Although the state plan covers some mental disorders equally, it does not offer the same level of benefits for eating disorders, posttraumatic stress disorder, and drug and alcohol addiction. Since 1996, the state has given equal mental-health benefits only to "biologically based" disorders, a term that mental health professionals say is inaccurate.
Barbara, 62, of Morris County, told a state Senate committee last week how she and her husband used their savings and refinanced their house to pay for a year of residential treatment for their daughter, who has anorexia and bulimia.
Yet Barbara's son, who was diagnosed with diabetes, was fully covered for his illness.
"All his care, all his hospitalizations, all of it has been completely covered," said Barbara, who asked that her last name be withheld to protect her daughter's privacy.
The seven other states that do not offer equal mental-health benefits in state worker plans are Alabama, Alaska, Georgia, Michigan, Mississippi, Oklahoma, and West Virginia.
Those are "states that are thought of as the most regressive when it comes to health care," Lubitz said.
But even states that agree to offer their workers full mental-health benefits can have loopholes.
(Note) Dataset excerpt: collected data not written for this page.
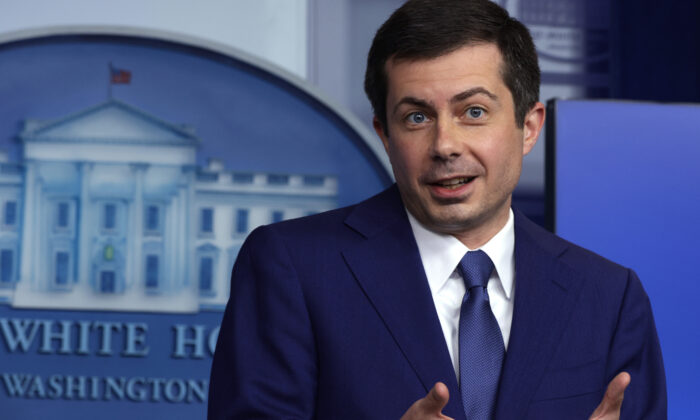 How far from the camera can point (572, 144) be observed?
71.2 inches

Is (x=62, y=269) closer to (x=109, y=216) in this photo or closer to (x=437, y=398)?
(x=109, y=216)

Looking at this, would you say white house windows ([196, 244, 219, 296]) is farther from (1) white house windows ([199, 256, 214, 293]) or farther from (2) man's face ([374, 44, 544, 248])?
(2) man's face ([374, 44, 544, 248])

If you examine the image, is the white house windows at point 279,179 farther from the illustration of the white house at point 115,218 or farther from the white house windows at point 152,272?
the white house windows at point 152,272

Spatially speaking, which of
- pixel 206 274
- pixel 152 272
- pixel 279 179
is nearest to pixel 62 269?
pixel 152 272

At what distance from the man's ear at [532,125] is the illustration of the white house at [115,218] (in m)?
0.88

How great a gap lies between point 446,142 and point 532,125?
0.78 feet

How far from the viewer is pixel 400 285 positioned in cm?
111

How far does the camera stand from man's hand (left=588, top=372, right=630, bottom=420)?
0.98 m

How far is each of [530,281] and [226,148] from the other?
106cm

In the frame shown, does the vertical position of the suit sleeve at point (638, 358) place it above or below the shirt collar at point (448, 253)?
below

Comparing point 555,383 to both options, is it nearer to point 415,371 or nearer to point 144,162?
point 415,371

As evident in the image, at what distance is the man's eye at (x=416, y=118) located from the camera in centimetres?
111

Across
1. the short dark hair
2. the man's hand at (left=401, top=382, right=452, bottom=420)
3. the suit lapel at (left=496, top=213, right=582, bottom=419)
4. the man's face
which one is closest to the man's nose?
the man's face

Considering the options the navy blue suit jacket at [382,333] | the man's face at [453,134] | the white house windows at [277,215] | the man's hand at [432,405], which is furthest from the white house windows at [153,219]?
the man's hand at [432,405] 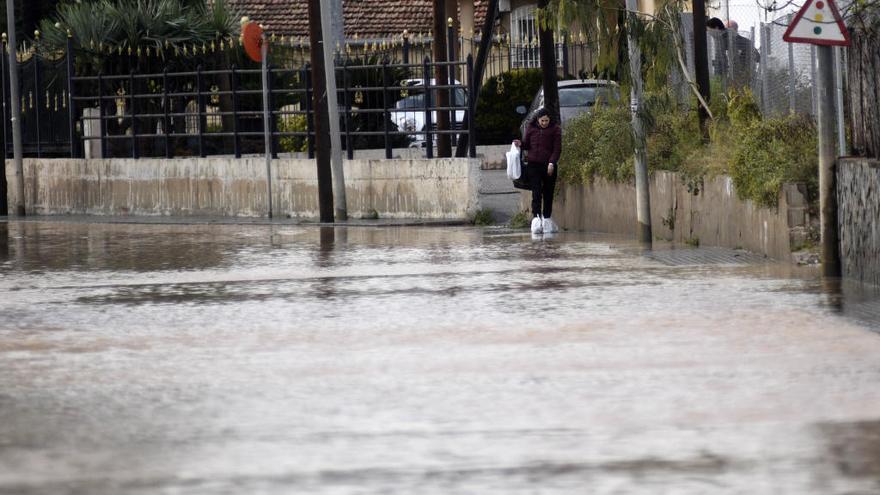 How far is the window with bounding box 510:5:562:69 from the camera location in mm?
36375

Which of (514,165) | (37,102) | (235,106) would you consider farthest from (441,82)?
(37,102)

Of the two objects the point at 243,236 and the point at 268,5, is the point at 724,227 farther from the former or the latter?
the point at 268,5

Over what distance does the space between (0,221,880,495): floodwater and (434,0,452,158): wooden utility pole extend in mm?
10133

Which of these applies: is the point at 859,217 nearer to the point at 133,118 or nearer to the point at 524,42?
the point at 133,118

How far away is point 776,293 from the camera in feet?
46.3

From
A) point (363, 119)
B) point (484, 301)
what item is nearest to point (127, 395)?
point (484, 301)

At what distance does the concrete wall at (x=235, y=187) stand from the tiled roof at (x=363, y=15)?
1744 centimetres

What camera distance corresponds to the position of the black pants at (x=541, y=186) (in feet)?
75.4

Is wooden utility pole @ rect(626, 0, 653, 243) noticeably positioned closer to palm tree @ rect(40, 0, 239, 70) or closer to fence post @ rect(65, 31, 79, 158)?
palm tree @ rect(40, 0, 239, 70)

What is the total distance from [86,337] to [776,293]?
5121mm

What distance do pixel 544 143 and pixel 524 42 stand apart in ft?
40.8

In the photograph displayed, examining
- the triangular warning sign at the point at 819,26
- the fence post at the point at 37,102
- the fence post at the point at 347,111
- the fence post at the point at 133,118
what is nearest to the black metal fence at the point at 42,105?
the fence post at the point at 37,102

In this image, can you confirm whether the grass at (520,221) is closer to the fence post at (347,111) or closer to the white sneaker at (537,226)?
the white sneaker at (537,226)

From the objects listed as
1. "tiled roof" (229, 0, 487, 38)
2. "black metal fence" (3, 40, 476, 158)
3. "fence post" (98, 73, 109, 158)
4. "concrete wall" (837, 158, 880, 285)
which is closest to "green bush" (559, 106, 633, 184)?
"black metal fence" (3, 40, 476, 158) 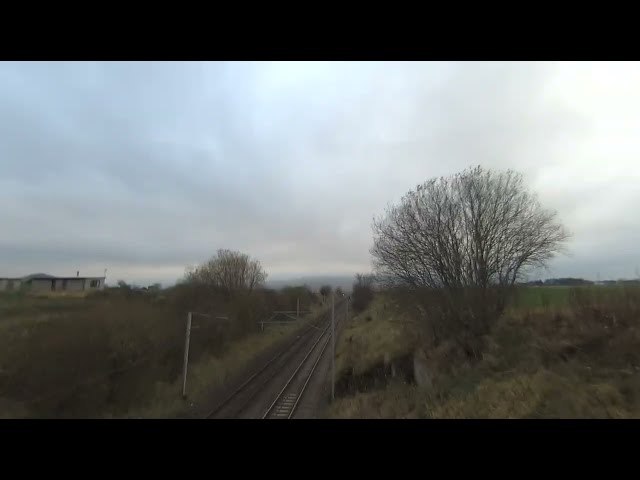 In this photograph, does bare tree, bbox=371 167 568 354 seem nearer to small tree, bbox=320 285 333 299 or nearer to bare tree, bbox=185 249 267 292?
bare tree, bbox=185 249 267 292

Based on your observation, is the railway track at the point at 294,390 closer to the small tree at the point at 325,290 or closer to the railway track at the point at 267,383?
the railway track at the point at 267,383

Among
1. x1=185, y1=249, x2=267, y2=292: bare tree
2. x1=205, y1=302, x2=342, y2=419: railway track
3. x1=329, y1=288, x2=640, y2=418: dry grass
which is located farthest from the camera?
x1=185, y1=249, x2=267, y2=292: bare tree

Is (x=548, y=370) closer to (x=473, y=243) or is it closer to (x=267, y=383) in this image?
(x=473, y=243)

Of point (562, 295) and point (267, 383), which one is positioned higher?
point (562, 295)

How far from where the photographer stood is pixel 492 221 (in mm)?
15461

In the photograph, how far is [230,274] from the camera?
48219 mm

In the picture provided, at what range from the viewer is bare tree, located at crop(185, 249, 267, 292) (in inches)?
1563

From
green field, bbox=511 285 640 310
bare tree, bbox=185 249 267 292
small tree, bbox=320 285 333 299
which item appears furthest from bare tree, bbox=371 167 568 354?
small tree, bbox=320 285 333 299

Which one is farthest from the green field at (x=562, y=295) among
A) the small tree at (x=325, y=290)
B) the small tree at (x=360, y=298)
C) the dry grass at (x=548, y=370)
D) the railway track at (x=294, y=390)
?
the small tree at (x=325, y=290)

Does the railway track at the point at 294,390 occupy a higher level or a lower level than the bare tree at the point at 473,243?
lower

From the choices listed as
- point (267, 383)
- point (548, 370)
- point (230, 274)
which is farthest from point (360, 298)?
point (548, 370)

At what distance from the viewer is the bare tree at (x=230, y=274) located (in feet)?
130

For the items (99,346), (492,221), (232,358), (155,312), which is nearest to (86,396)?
(99,346) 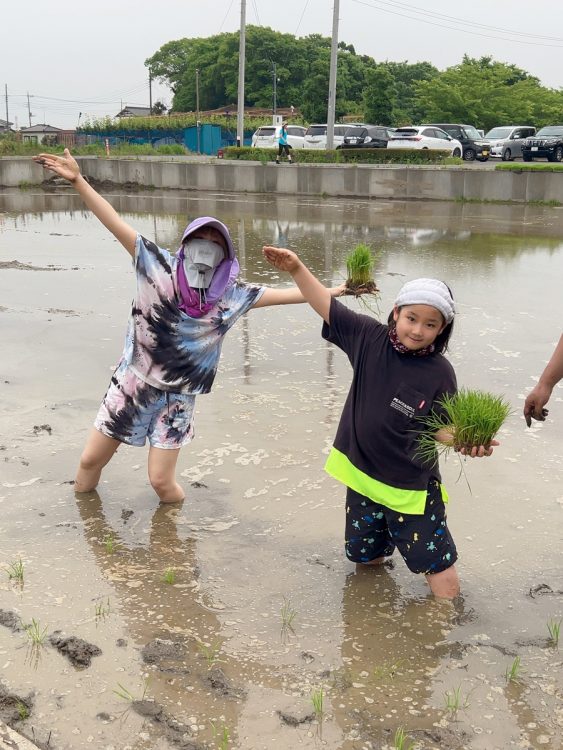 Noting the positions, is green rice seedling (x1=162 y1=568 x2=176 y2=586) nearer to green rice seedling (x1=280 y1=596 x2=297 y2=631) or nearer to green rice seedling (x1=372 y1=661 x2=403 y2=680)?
green rice seedling (x1=280 y1=596 x2=297 y2=631)

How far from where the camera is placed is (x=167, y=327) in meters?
4.02

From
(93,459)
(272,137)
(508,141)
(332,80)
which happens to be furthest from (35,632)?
(272,137)

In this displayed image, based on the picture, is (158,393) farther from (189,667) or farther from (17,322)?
(17,322)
Pennsylvania offers full parity, but many counties opt out of it, Lubitz said.
Last Wednesday, as a part of a package of executive orders, President Obama finalized regulations that advocates say should close loopholes in federal law on mental-health-care parity.
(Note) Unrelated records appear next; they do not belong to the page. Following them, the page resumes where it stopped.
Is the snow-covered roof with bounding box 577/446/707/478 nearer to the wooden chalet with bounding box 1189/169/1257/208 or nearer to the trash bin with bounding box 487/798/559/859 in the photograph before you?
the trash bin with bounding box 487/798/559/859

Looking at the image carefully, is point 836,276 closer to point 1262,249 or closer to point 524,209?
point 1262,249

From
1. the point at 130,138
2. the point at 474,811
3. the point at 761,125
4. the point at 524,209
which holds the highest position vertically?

In Trenton, Sen. Joseph Vitale (D., Middlesex), chairman of the Health, Human Services and Senior Citizens Committee, has sponsored a bill that would require New Jersey to give its workers health insurance that equally covers all mental illnesses recognized in the latest version of the Diagnostic and Statistical Manual of Mental Disorders (DSM).
Vitale's bill was moved from committee Jan. 14. It awaits action in the Assembly.
Members of Christie's press office said they were not aware of the specifics of Vitale's bill and therefore could not immediately comment.
Democrats recently called on Christie to "fully fund" another mental health program that Lubitz said could help people who pose a danger to themselves or others but refuse treatment. The involuntary outpatient commitment law allows the court to mandate people to outpatient treatment if a qualified mental-health professional determines they are a threat to themselves or others.
The bill, signed into law in 2009, was proposed in response to the 2002 murder of an 11-year-old Marlton boy by a man diagnosed with paranoid schizophrenia who had refused treatment. Christie put $2 million toward the program, which was estimated to cost $10 million to fully implement.
Human Services Commissioner Jennifer Velez said Tuesday that the program had taken time to establish, and the governor had given the department all the money it had requested. The bill had not been funded until Christie put $2 million toward it in fiscal year 2012. That money has lasted for two years, Velez said. It may not cost the full $10 million, she said.
"It was our best estimate at the time," she said. "We're really evaluating what the need is."
Christie put $5 million toward mental-health care in the budget that began July 1, Velez said, and that included an increase in community counseling and housing. The involuntary outpatient commitment program is just one part of what is needed to help more people receive mental health help, she said.
Democrats have urged Christie to expand Medicaid eligibility, an option under the federal Patient Protection and Affordable Care Act. The New Jersey Policy Institute, a left-leaning think tank, estimates that expanding eligibility for the health insurance program would give benefits to an additional 318,000 New Jerseyans, many of them working at wages too low to afford their to buy their own insurance.
Under the federal health care law, states can offer Medicaid to a larger group of people. Currently in New Jersey, a single person who makes $2,520 or less is eligible for the program. A family of four with an income of $30,657 or less is eligible.
Should Christie decide to expand the program, the new maximum income for a single person would be $15,414 annually. A family of four earning $31,808 or less would qualify under the expanded program.
The federal government would pay the full cost of the expansion for three years beginning in 2014. In 2017, the states would take on 5 percent of the cost of those additional Medicaid recipients, and by 2020 the state's cost would increase to 10 percent.
Currently, the cost of Medicaid is split evenly between the federal government and the state.